Cataluña nunca fue esa provincia encerrada en sí misma que los
nacionalistas quieren construir. Si algo ha admirado de ella el mundo
hispano es su espíritu cosmopolita y su apertura. Durante décadas, su
bilingüismo perfecto ha sido la señal de una sociedad culta, orgullosa
de sí misma y dialogante a la vez. La protección del catalán en la
educación fue un ejemplo para las lenguas autóctonas americanas, antes
de convertirse en todo lo contrario: un esfuerzo por borrar al otro.
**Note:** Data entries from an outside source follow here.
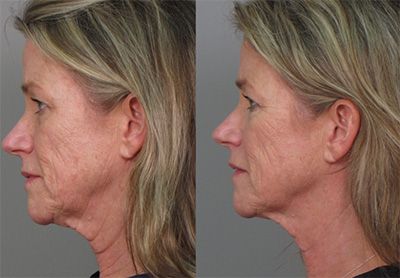 Before and after Santa Fe Ultherapy.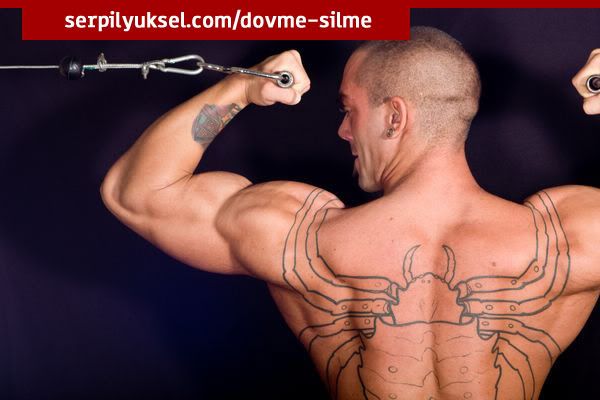 dövme silme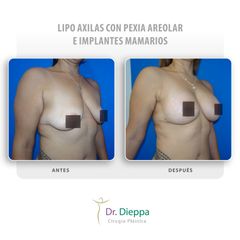 Mastopexia con implantes - Cirugía Plástica Dieppa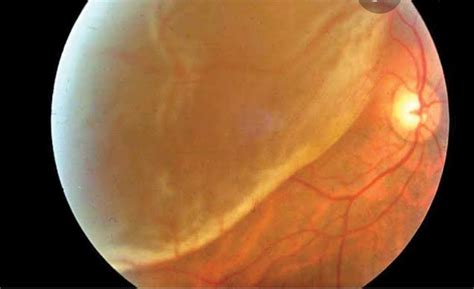 Slit Lamp Examination Technique And Illumination Type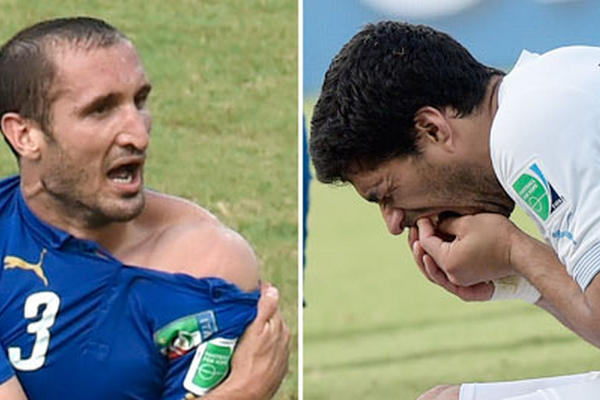 El futbolista italiano Giorgio Chiellini muestra la mordida que le dio el uruguayo Luis Suárez. (Foto Prensa Libre: AFP)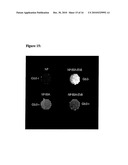 SHIGA TOXIN B-SUBUNIT AS A VECTOR FOR TUMOR DIAGNOSIS AND DRUG DELIVERY TO GB3 EXPRESSING TUMORS diagram and image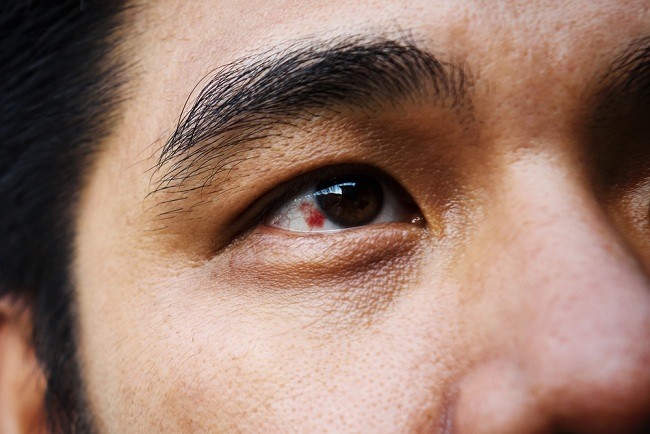 결막과 눈 주위의 이물질 침입을 극복하는 방법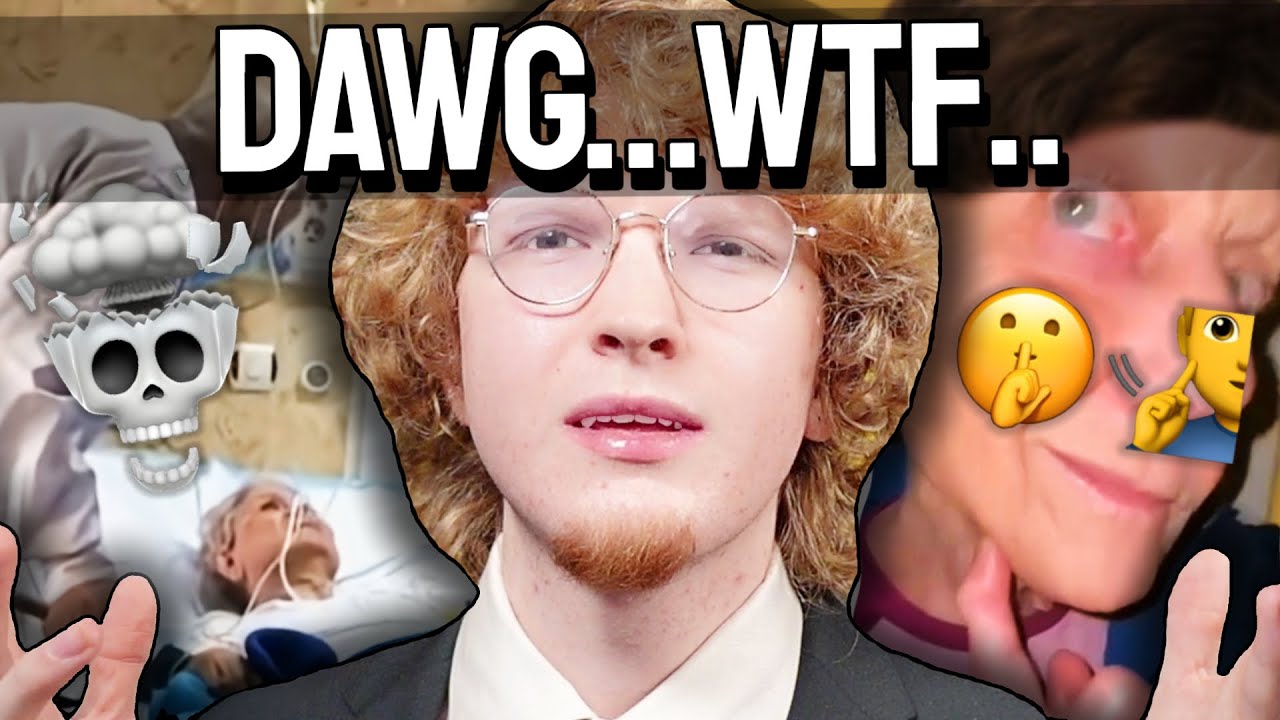 Why is Everything a Sigma Edit?..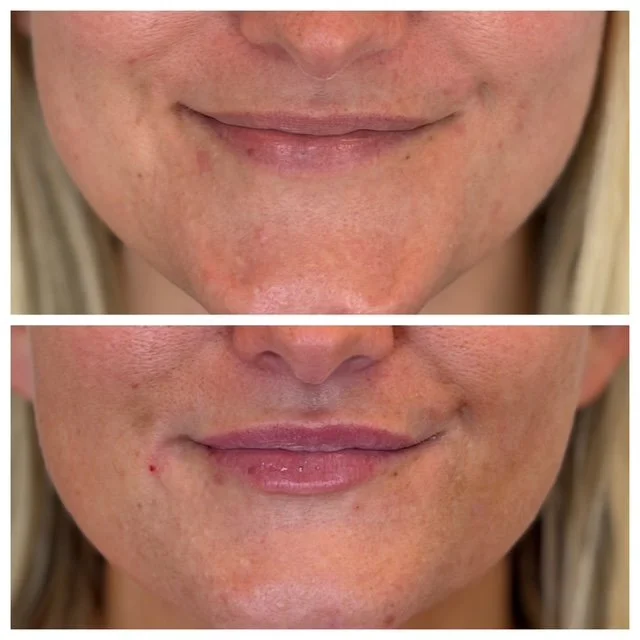 Lip Filler Results Natural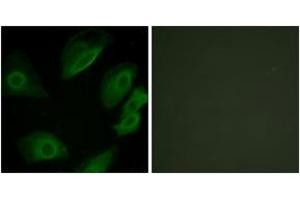 Immunofluorescence analysis of HeLa cells, using Lck (Ab-505) Antibody. (LCK anticorps  (AA 460-509))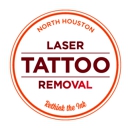 North Houston Laser Tattoo Removal - Tattoo Removal
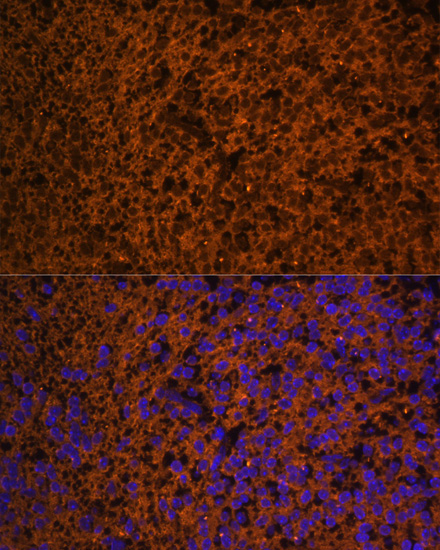 Immunofluorescence - PTCH1 Polyclonal Antibody 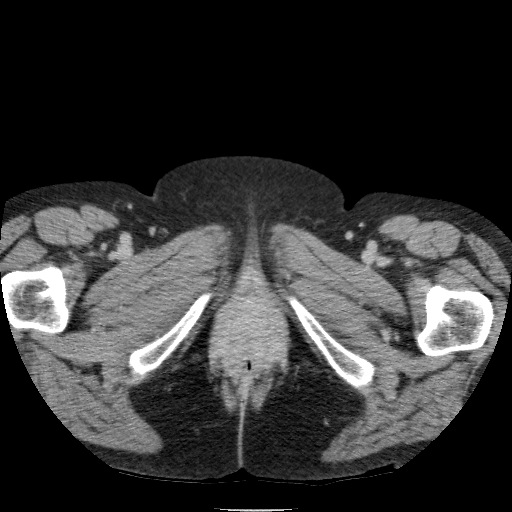 Bladder tumor detected on trauma CT (Radiopaedia 51809-57609 C 150).jpg
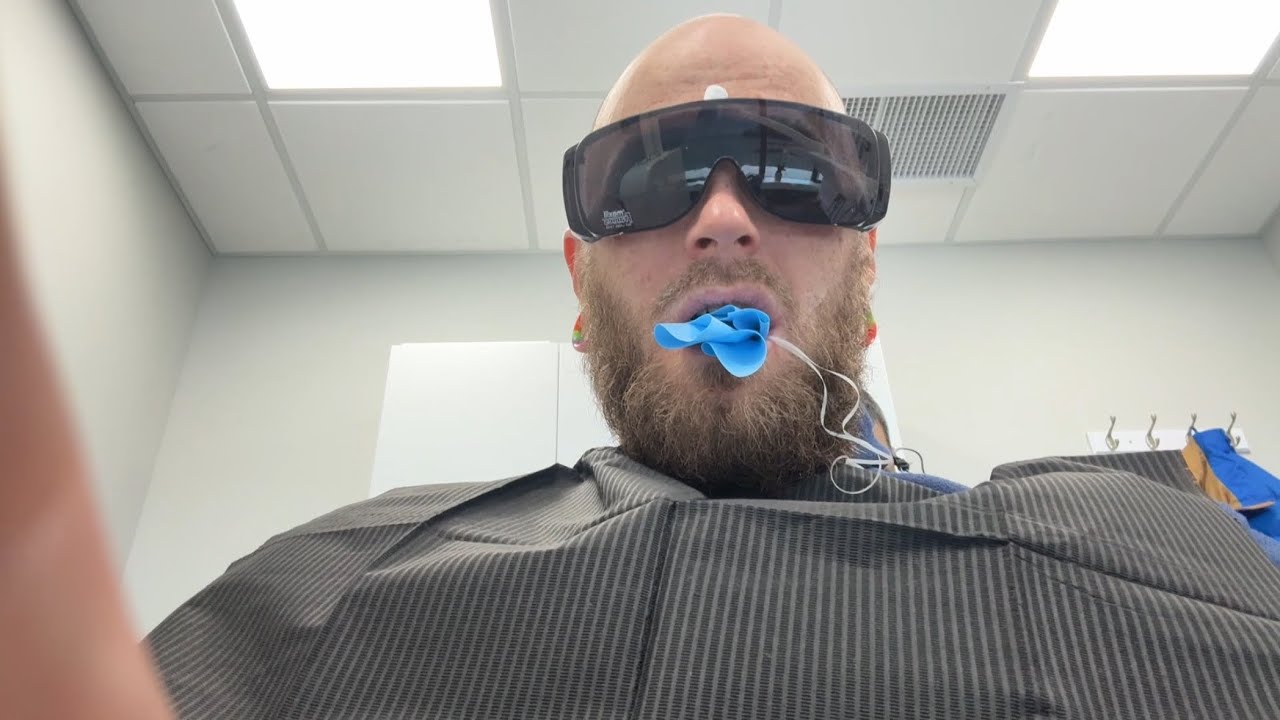 Got A ROOT CANAL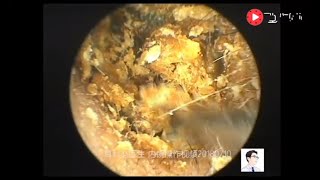 Removal of external auditory canal cholesteatoma by ear endoscopy 19 minutes [upl. by Reisinger]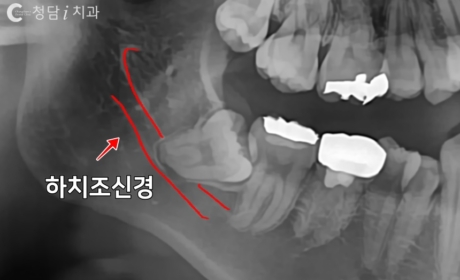 시술전 사진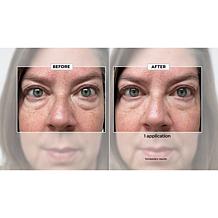 Dr. Brandt 2-pack No More Baggage Eye Gel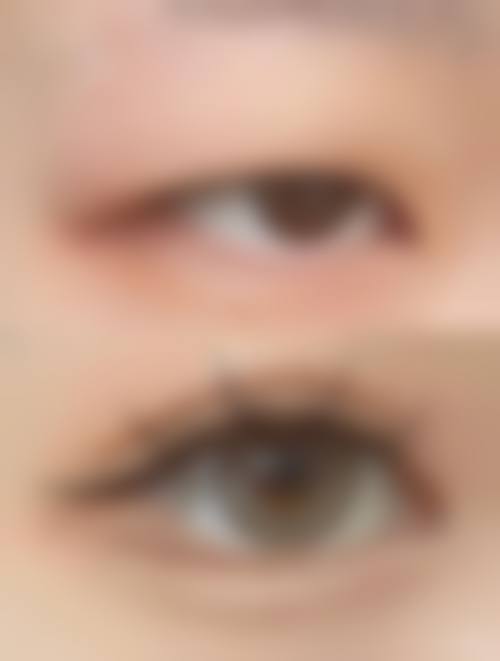 四、池州悦美整形医院特色项目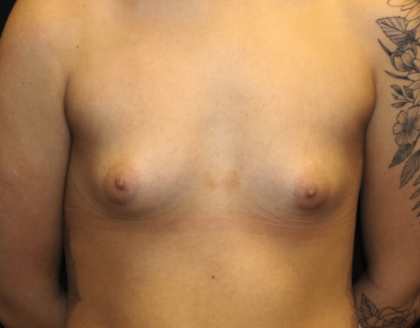 Breast Augmentation - Saline Implants Before & After Patient #29133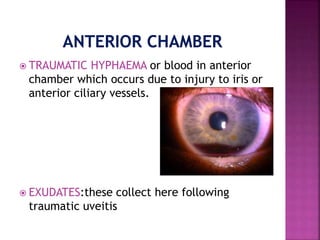  TRAUMATIC HYPHAEMA or blood in anterior
chamber which occurs due to injury to iris or
anterior ciliary vessels.
 EXUDATES:these collect here following
traumatic uveitis
 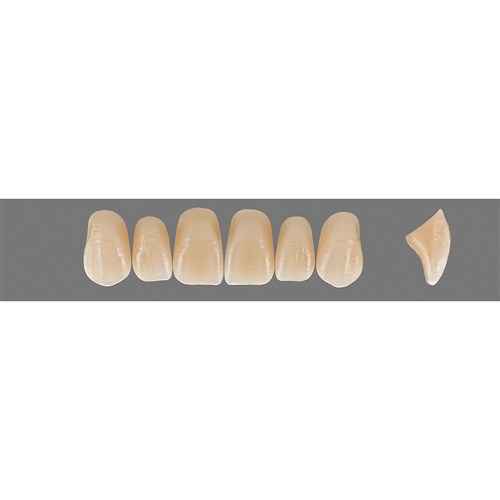B2 Upper T47 Anterior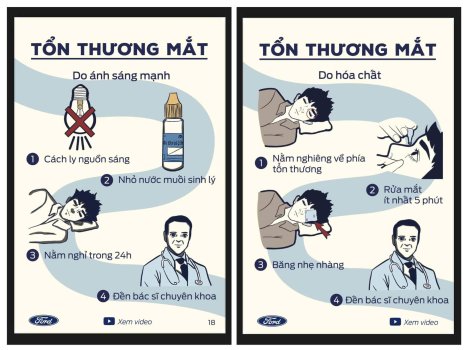 Cách sơ cứu khi đột quỵ, đuối nước, điện giật, rắn cắn,...  XEtv (18).jpg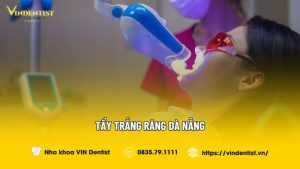 Tẩy trắng răng Đà Nẵng
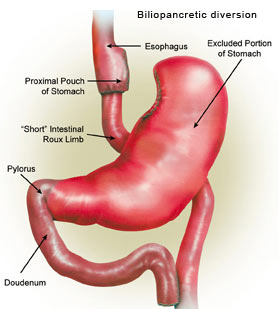 Biliopanoretio diversion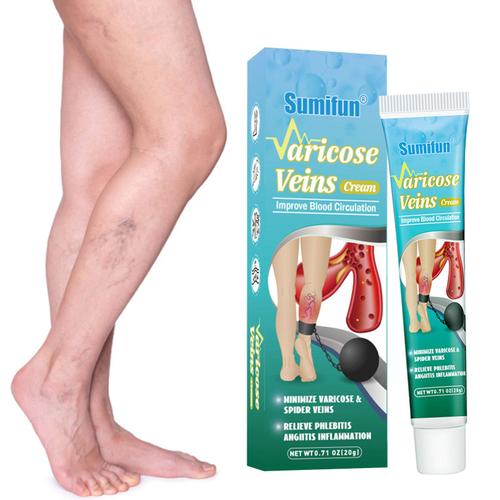 Plâtre Pour Douleurs Veineuses De Jambe D'araignée, Médicament À Base De Plantes Chinoises, Élimination De L'angiite, Phlébite, 20g 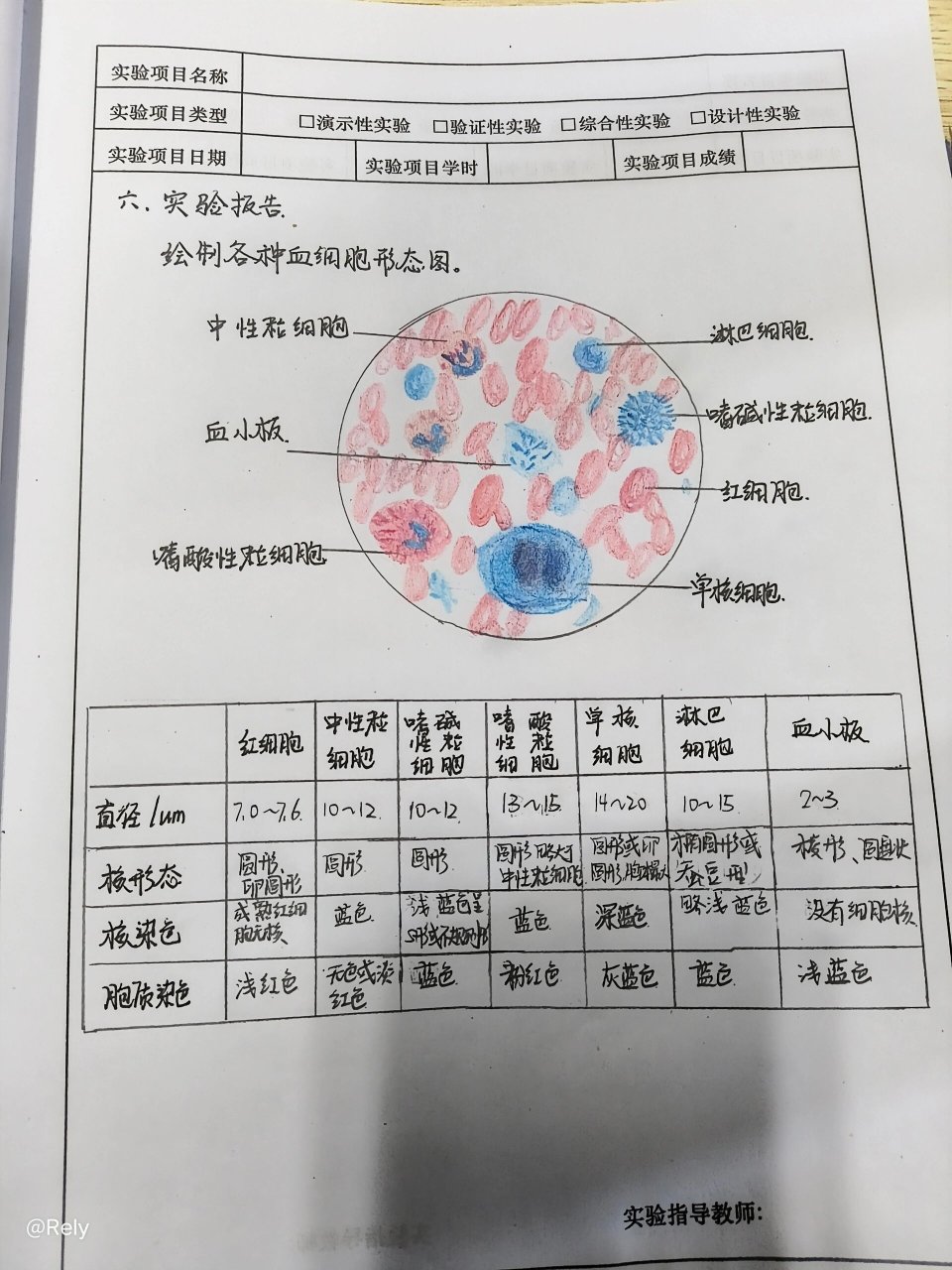 血涂片的制备与观察 #医学生笔记# #自己的血液自己观察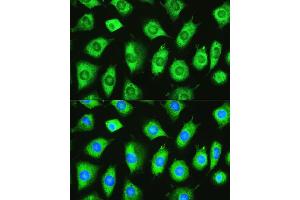 Immunofluorescence analysis of L929 cells using YTHDF1 Rabbit pAb  at dilution of 1:100. (YTHDF1 抗体)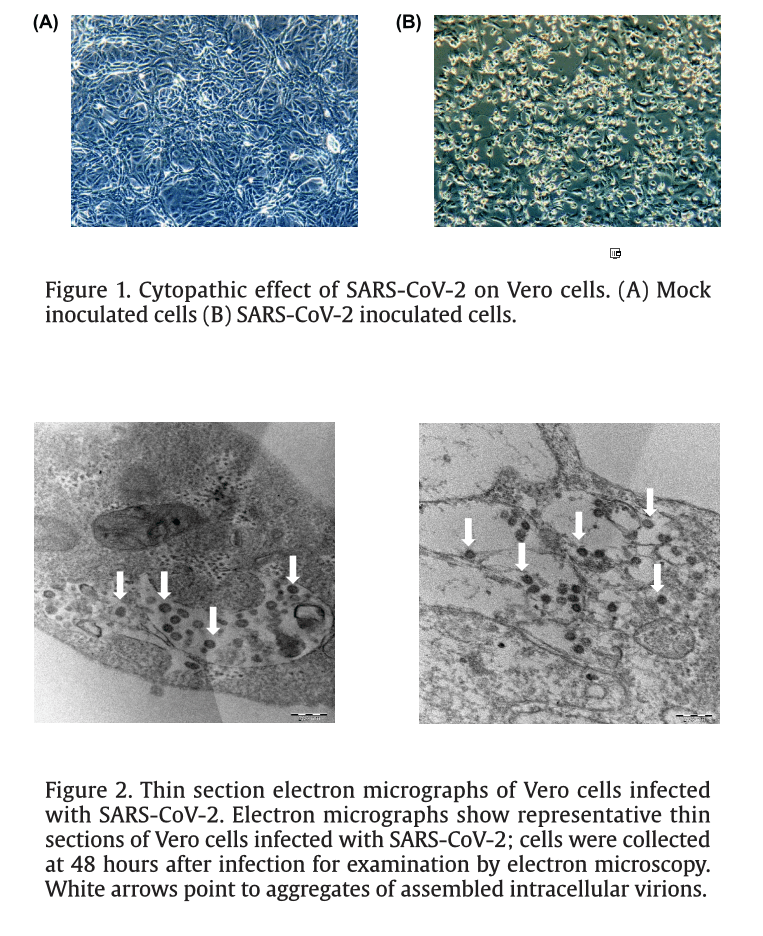 Click to enlarge electron micrographs coronavirus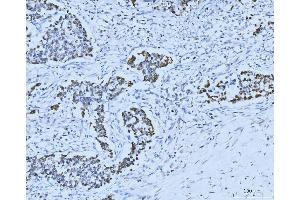 IHC analysis of MCM6 using anti-MCM6 antibody (ABIN7600037).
La paradoja es desoladora: basados en un elevado concepto de su
propio cosmopolitismo, los nacionalistas están construyendo una sociedad
más provinciana. Por enormes que sean sus banderas en plazas y
estadios. Por fuerte que griten en catalán e inglés. Por muchas
embajadas que quieran abrir. Su único proyecto cultural es precipitar a
Cataluña orgullosamente hacia la irrelevancia.
Santiago Roncagliolo (Lima, 1975) es escritor.